Adolfo Mexiac Biography

Adolfo Mexiac

Mexican

1927-2019

Biography

Printmaker, muralist, and painter Adolfo Mexiac was born Adolfo Mejía in Cuto de la Esperanza, Michoacán, Mexico, on August 7, 1927. His formal art training began at the Escuela Popular de Bellas Artes, Morelia, where he took courses in painting, and around this time changed his surname to Mexiac. Soon after his time at the Esuela Popular he moved to Mexico City, where he attended the Escuela Nacional de Artes Plásticas, the Escuela Nacional de Pintura, Esculta y Grabado, and took three years of engraving at the Escuela de Artes del Libro in Colonia Roma.
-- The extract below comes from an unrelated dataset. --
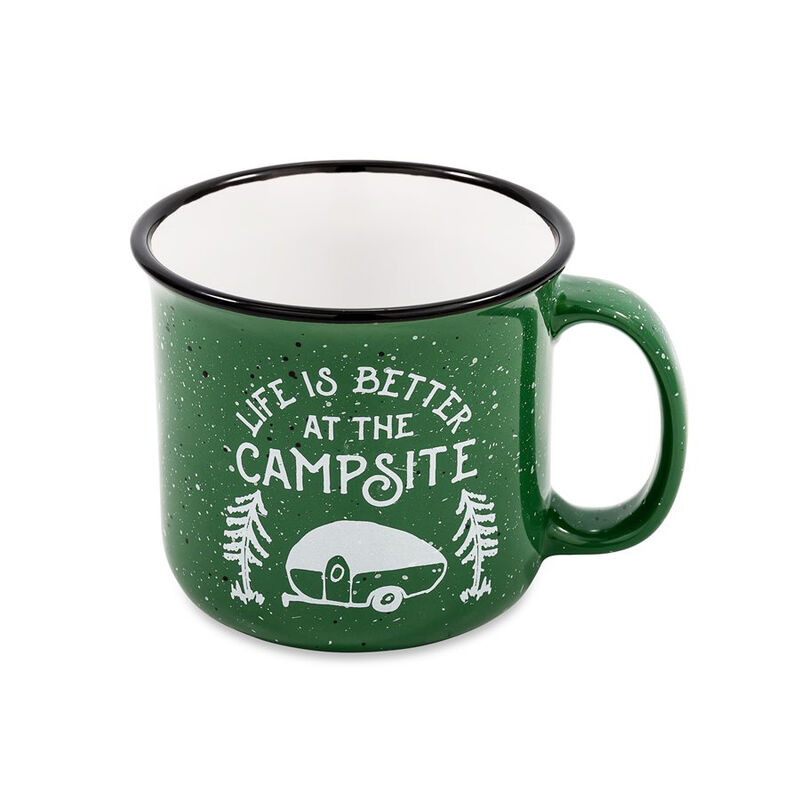 Camco Life is Better at the Campsite Speckled Mug, Green image number 1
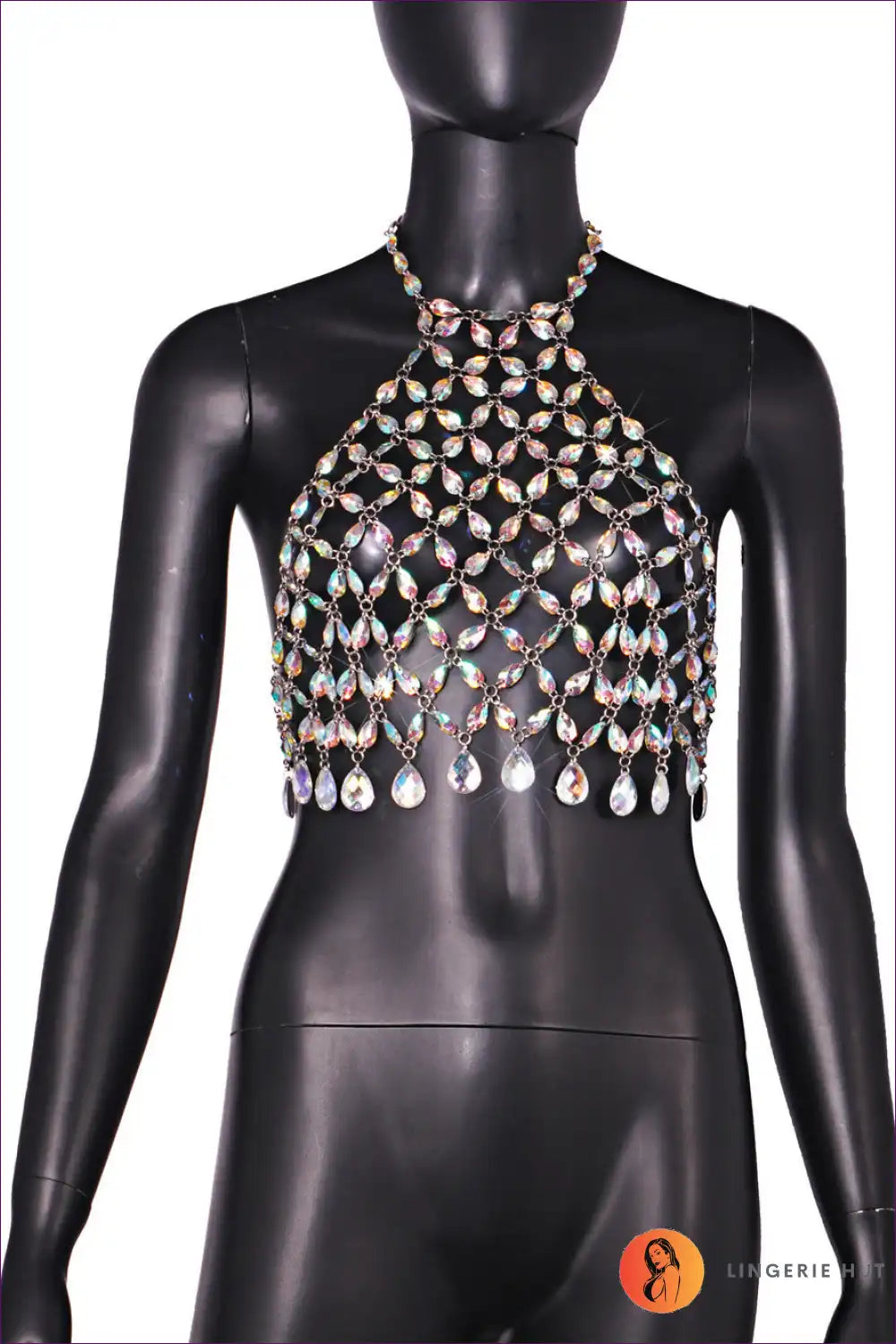 Shimmering Crystal Halter Top - Nightclub Glam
Among his mentors were Taller de Gráfica Popular members Pablo O'Higgins, Ignacio Aguirre, Leopoldo Mendez, and Luis Arenal.

Mexiac's work primarily dealt with leftist sociopolitical issues, especially after joining the Taller de Gráfica Popular (TGP) in the 1950s. This would bring him to the forefront of Mexican art in the modern world, and his work often incited controversy due to its pointed anti-colonialist, pro-Indigenous nature. As with several graphic artists of the TGP, his work strove to promote the complete freedom of Mexican expression. In 1953 he briefly joined the faculty of the Instituto Nacional Indigenista (now the Instituto Nacional de los Peublos Indígenas, or INPI) in Chiapas, founded in 1948 to integrate rural indigenous voices into the country's national culture through health and education campaigns. In this capacity he created the visual aids for the teachers and doctors who traveled to remote villages throughout Mexico. He then began a 26-year-long teaching career at the Escuela de Artes Plásticas. Mexiac was also a member of the Salón de la Plástica Mexicana.

Throughout his time as an artist and teacher he frequently exhibited in Mexico and internationally, including in Belgium, Japan, Italy, Chile, and the U.S. He created several major murals including at the INPI, the Study Center for State Reform (Centro de Estudio para la Reforma del Estado), and the Palacio Legislativo in Mexico City. In 2002 he created a mural for the University of Colima titled El hombre y la mujer en armonía con su universo (The man and the woman in harmony with the universe) which has become his most well known mural. In 2010 Mexiac held an exhibition at the Alfredo Guati Rojo National Watercolor Museum titled Una reflexión sobre el Bicentenario in honor of the 200th anniversary of Mexico's independence.

Awards and recognition of Mexiac's work include the Casa de las Américas Prize from Cuba (1964); a national homage to the artist presented as a traveling retrospective in 2011, kickstarted at the Museo Nacional de la Estama and which traveled throughout Mexico and Texas; and a documentary film by Othón Salazar about Mexiac titled Libertad de expresión de Adolfo Mexiac in 2010.

Adolfo Mexiac died on October 13, 2019, in Mexico City.